====== Dataset extract ======

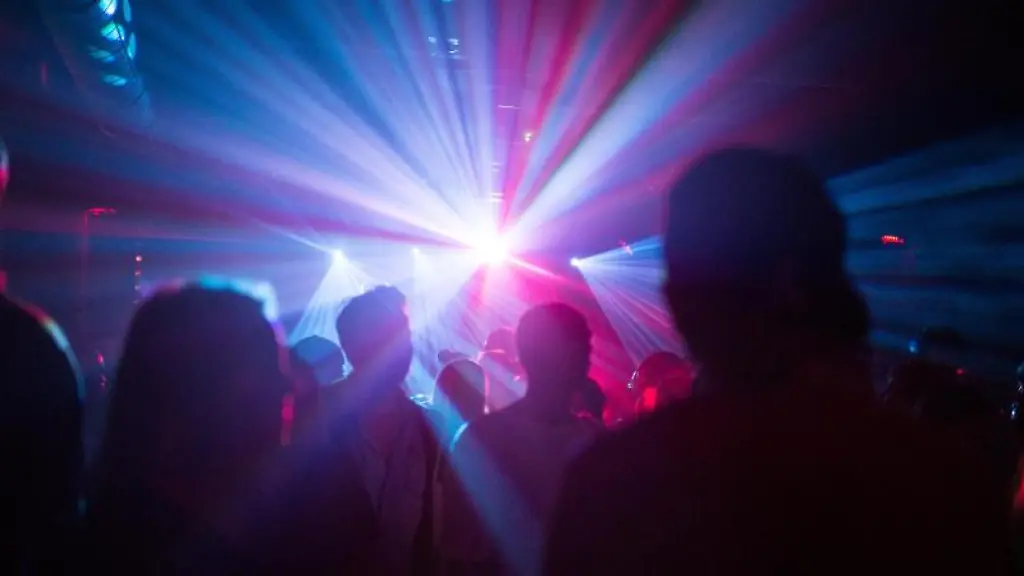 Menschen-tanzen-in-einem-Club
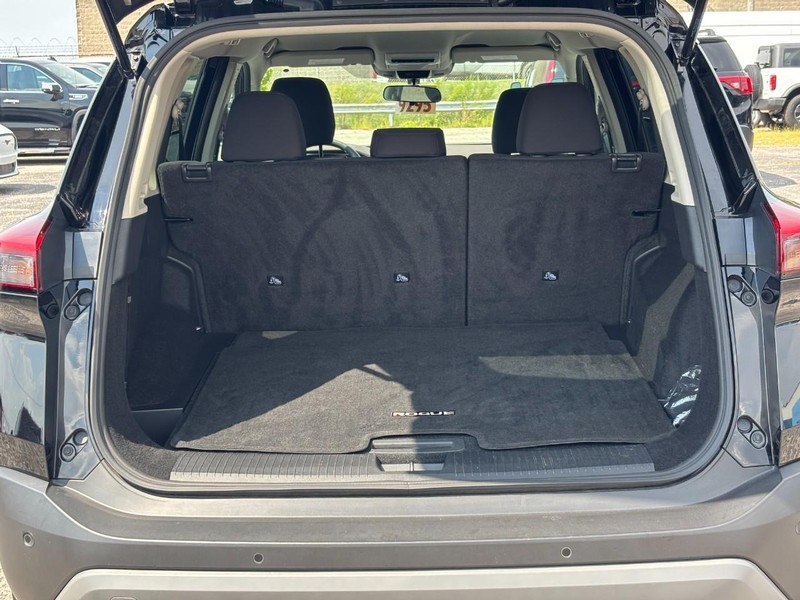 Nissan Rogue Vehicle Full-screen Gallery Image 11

======
====== Dataset extract ======

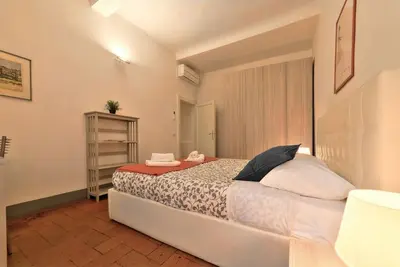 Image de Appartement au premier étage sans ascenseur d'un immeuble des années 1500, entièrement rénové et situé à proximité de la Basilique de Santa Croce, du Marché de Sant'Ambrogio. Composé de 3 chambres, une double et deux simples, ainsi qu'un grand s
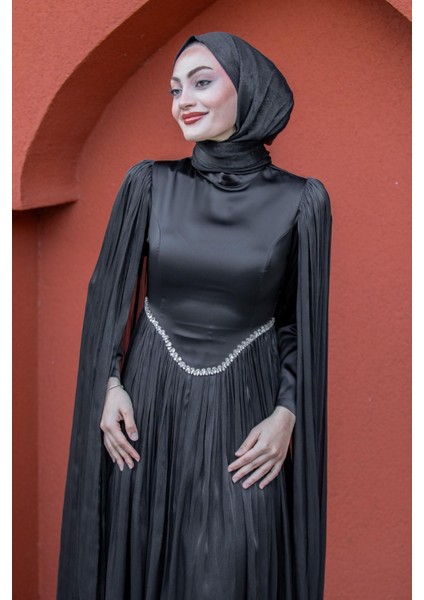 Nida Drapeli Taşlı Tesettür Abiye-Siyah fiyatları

======
====== Dataset extract ======

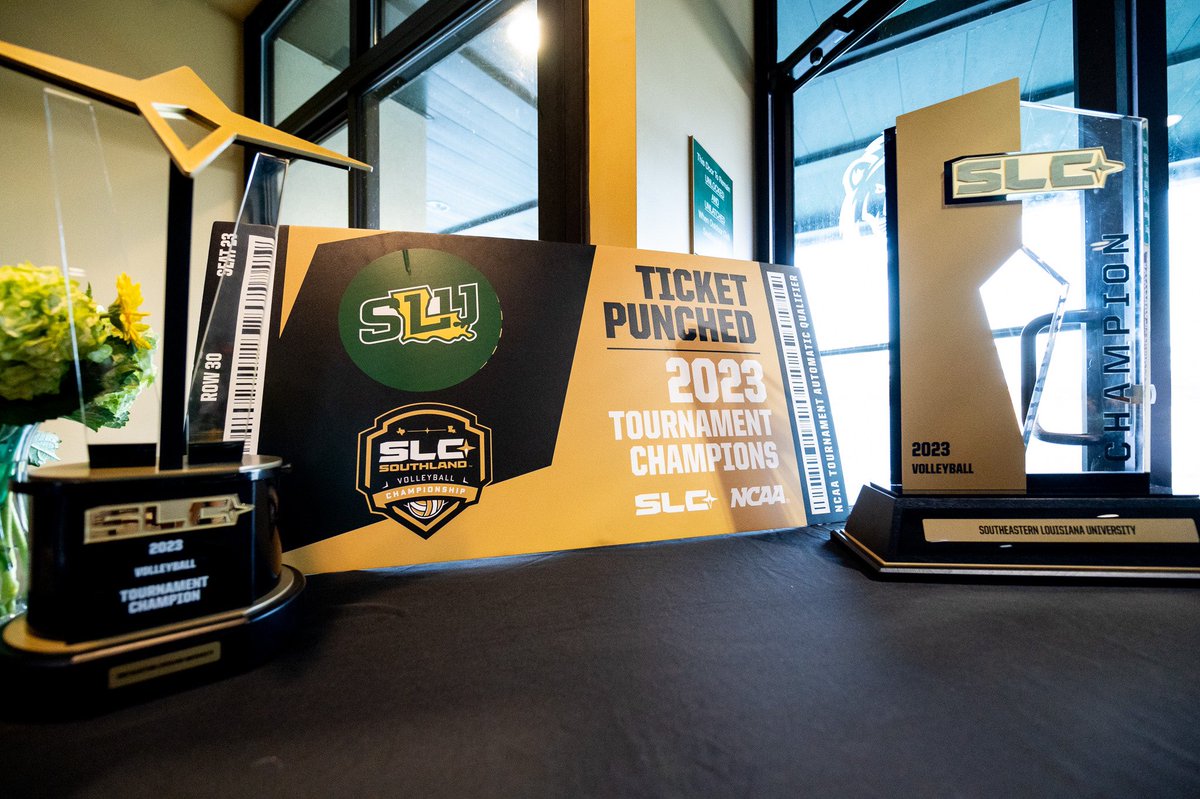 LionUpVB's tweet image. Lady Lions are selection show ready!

======

### What the task asks
Transcribe only the lines above that start at the line containing "Menschen-tanzen-in-einem-Club" and end at the line containing "Nissan Rogue Vehicle". Omit pictures.

### Your solution
 Menschen-tanzen-in-einem-Club
 Nissan Rogue Vehicle Full-screen Gallery Image 11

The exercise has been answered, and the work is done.